Thanks for the update. I was wondering if the original poster was still around years later (certainly the problem still is). With the extra information I improved on the annotated code. After your description it makes more sense now. What seems less reasonable is the way WL neural nets handle this use case. I hadn't seen that ResizeLayer also has the drawback of being unable to work on 4D arrays much like DeconvolutionLayers. Excellent job figuring all this out. Your new version looks like a type of Progressive Growth GAN where the steps are mixed as its upsampled.

ResizeLayer3D[n_, {dimInx_, dimIny_, dimInz_}] :=
 Block[{sc = 2},
  NetChain[{
    (* Flattens the first two levels so because the next layer only \
works on 2D arrays *)
    FlattenLayer[1, "Input" -> {n sc, dimInx, dimIny, dimInz}],
    (* Doubles the size of the last two dimensions *)
    ResizeLayer[{Scaled[sc], Scaled[sc]}],
    (* Reshapes the array back to its original order but with the \
last two dimensions scaled up from previous layer *)        
    ReshapeLayer[{n sc, dimInx, sc dimIny, sc dimInz}],
    (* Transposes 2nd and 3rd dimensions so that previously unscaled \
dimension can be actioned *)
    TransposeLayer[2 <-> 3],
    (* Again flatten array a level so that the next later can \
actually action it *)
    FlattenLayer[1],
    (* Scale only the dimension that hasn't been actioned yet *)

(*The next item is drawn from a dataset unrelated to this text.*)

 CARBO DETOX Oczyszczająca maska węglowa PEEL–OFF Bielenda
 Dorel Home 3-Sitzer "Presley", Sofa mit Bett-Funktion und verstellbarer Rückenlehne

    ResizeLayer[{Scaled[sc], Scaled[1]}],
    (* reshape back to original structure but the array now has been \
scaled up *)
    ReshapeLayer[{n sc, sc dimIny, sc dimInx, sc dimInz}],
    (* importantly, transpose the dimensions back to their original order since it was \
changed above*)
    TransposeLayer[2 <-> 3],
    (* Now a convolution can be applied to the upsampled up data *)
      ConvolutionLayer[n, 1]}
   ]
  ]